Linux-Hardware Digest #465, Volume #12 Sun, 12 Mar 00 23:13:07 EST
Contents:
Re: modems and linux... (Jim Jerzycke)
Memory question (Paul Smith)
Re: Linux vs Windows docs (was: Re: Linux sucks) (John Jordan)
Re: BE6-II mobo no > 64MB ("Felonius Monk")
Re: COM1 or COM2 for the ext. modem; whats optimal? (willbill)
Re: HP Pavillion? ([EMAIL PROTECTED])
Re: Real audio, /dev/mixer (James Hunter Heinlen)
Re: Install locks up (Jim Jerzycke)
Re: RH6.1 + All-In-Wonder 128 + Sony Multiscan 15sf (Bryan Pettitt)
RH6.1 printer gotchas, HPDJ870 almost works (De Clarke)
Re: D-Link DFE-550TX Ethernet card...supported??? Please Help! (Tony R. Bennett)
Re: IBM-XT via 10BASE-2 to linux box help needed (B'ichela)
Re: COM1 or COM2 for the ext. modem; whats optimal? (Keith R. Williams)

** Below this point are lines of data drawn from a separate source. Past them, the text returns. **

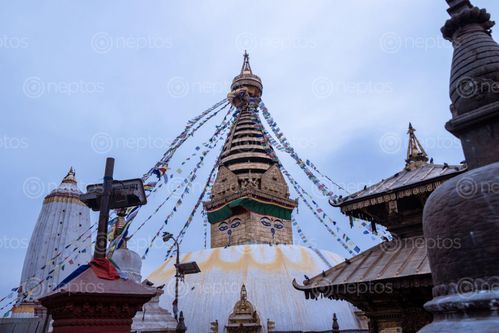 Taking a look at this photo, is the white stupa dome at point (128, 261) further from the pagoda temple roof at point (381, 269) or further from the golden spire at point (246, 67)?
the golden spire at point (246, 67)

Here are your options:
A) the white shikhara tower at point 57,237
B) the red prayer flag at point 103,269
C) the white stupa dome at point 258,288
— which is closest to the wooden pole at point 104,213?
the red prayer flag at point 103,269

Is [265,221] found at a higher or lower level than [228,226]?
higher

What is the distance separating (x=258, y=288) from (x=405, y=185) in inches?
462

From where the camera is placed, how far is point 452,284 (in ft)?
7.36

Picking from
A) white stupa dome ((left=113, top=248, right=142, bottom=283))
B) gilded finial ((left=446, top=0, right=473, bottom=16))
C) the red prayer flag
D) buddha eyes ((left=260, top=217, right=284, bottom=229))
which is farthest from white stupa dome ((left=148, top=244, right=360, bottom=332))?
gilded finial ((left=446, top=0, right=473, bottom=16))

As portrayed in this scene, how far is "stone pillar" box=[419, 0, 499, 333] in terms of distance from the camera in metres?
2.09

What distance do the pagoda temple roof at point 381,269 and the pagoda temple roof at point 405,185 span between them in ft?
2.87

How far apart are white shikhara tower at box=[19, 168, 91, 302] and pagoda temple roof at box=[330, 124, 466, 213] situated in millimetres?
16373

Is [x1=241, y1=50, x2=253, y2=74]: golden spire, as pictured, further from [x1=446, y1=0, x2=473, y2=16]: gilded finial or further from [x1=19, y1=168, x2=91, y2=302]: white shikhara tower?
[x1=446, y1=0, x2=473, y2=16]: gilded finial

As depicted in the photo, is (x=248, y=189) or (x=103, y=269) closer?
(x=103, y=269)

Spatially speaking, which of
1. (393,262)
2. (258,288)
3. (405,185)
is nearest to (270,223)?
(258,288)

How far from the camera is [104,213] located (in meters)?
3.61

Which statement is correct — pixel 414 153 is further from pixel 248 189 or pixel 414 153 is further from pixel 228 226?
pixel 228 226

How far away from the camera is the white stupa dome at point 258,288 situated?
15461 mm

----------------------------------------------------------------------------
From: Jim Jerzycke <[EMAIL PROTECTED]>
Subject: Re: modems and linux...
Date: Mon, 13 Mar 2000 08:12:10 +0000
No problem. Just MAKE SURE you set it to a known com port / irq by
pulling the PnP jumper, and setting the other jumpers to a known com
port / irq. I suppose you could make the PnP work, but I didn't want to
mess with a possible headache!
regards, Jim
------------------------------
Crossposted-To:
alt.comp.periphs.mainboard.asus,aus.computers.linux,comp.sys.ibm.pc.hardware.misc
Date: Mon, 13 Mar 2000 08:30:03 +0800
From: Paul Smith <[EMAIL PROTECTED]>
Subject: Memory question
I'm thinking of upgrading to 128M ram. Currently I just have generic
PC100 64M, but now I'm wondering what more I can get if I spend a bit
more. Would 133MHz ram be an option, even if my MB (P5A) won't quite
make the bus speed? Could be more stable.

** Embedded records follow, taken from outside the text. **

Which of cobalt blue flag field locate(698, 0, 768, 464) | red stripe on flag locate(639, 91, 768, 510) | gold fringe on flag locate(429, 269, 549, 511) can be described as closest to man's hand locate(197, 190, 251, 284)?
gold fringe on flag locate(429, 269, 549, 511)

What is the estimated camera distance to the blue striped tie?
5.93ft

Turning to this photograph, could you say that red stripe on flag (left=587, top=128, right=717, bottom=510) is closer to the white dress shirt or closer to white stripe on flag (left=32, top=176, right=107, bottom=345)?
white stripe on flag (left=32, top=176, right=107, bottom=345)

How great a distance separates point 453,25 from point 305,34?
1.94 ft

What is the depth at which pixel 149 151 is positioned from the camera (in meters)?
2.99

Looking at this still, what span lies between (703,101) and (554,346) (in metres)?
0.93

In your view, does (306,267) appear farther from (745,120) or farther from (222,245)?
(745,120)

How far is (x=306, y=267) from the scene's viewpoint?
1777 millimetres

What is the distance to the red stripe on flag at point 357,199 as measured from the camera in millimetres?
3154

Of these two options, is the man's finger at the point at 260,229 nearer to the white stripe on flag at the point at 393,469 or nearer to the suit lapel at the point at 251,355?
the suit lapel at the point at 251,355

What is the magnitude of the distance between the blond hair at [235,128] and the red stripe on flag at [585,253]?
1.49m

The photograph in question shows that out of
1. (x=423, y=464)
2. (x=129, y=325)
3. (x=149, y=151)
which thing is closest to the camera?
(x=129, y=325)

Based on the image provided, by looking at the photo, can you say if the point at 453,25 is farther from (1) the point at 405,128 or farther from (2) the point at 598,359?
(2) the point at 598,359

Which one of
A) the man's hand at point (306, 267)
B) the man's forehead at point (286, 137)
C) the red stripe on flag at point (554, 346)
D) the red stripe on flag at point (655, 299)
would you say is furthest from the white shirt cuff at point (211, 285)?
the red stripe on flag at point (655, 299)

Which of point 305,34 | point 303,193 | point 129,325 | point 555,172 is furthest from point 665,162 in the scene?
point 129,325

Someone recommended I get ECC ram, since I leave my Linux machine on for
long periods it will increase the hardware stability in conjunction with
the superior Linux stability over Win95. However in my MB manual I'm
sure it says something about ECC ram only being supported at 66MHz,
blowed if I could find that bit now though.
It does say in the manual that it supports SPD (serial presence detect)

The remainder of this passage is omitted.